Proiiciamus iugum! El grito rebelde del hombre ha tocado fondo: lo que, desde Pío XII, se viene llamando «la pérdida del sentido del pecado».
Pero, ¿quiere decir esto que se quedarán sin yugo? No, se quedarán sin el yugo suave de Dios. Pero se someterán a otros. Y es que el hombre, una de dos, o se somete al yugo de la caridad o al yugo de la concupiscencia. San Agustín dice: Iugum Christi /ere nihil áliud quam pie vivere: el yugo de Cristo es la vida de piedad: pero la piedad, la oración, el trato con Dios, a muchos les cansa, les hastía, les resulta insoportable: ¡no están bajo el yugo de la caridad!: non amanti, iugum durum est: para el que no ama, el yugo de Cristo es pesado. Y surge la repulsa: proiiciamus iugum eius! Dirumpamus eius vincula!

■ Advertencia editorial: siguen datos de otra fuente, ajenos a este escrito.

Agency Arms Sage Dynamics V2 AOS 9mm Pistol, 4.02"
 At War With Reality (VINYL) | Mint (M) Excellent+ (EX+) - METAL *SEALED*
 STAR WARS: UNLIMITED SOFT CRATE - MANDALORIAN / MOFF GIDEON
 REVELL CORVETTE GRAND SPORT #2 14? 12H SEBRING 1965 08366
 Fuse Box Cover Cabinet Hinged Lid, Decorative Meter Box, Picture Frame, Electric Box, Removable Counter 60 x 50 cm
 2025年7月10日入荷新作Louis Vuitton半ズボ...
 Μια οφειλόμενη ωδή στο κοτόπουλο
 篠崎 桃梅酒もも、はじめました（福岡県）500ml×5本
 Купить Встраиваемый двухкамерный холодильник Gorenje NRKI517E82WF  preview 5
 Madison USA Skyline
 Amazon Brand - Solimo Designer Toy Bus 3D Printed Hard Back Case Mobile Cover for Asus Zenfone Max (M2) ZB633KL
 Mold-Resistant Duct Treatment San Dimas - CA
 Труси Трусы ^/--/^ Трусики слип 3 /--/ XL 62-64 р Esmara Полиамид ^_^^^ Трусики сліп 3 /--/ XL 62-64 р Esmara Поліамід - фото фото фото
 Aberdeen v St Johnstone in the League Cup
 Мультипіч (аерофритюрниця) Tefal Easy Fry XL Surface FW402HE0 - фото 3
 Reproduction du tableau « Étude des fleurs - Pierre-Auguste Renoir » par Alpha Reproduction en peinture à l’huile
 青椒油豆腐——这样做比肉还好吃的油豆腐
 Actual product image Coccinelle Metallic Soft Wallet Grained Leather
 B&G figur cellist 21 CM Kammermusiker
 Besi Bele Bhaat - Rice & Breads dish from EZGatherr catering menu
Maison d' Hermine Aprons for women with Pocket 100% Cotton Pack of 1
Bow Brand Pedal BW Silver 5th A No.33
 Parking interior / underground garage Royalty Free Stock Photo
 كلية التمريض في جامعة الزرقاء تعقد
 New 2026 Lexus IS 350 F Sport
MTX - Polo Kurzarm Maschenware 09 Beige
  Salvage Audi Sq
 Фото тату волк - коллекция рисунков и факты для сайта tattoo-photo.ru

¡Esclavos! Nada más esclavos del pecado.
Es necesario desagraviar. No se puede estar en las nubes.
Por eso, «no seas tan ciego o tan atolondrado que dejes de rezar a María Inmaculada una jaculatoria siquiera cuando pases junto a los lugares donde sabes que se ofende a Cristo» (Camino, 269).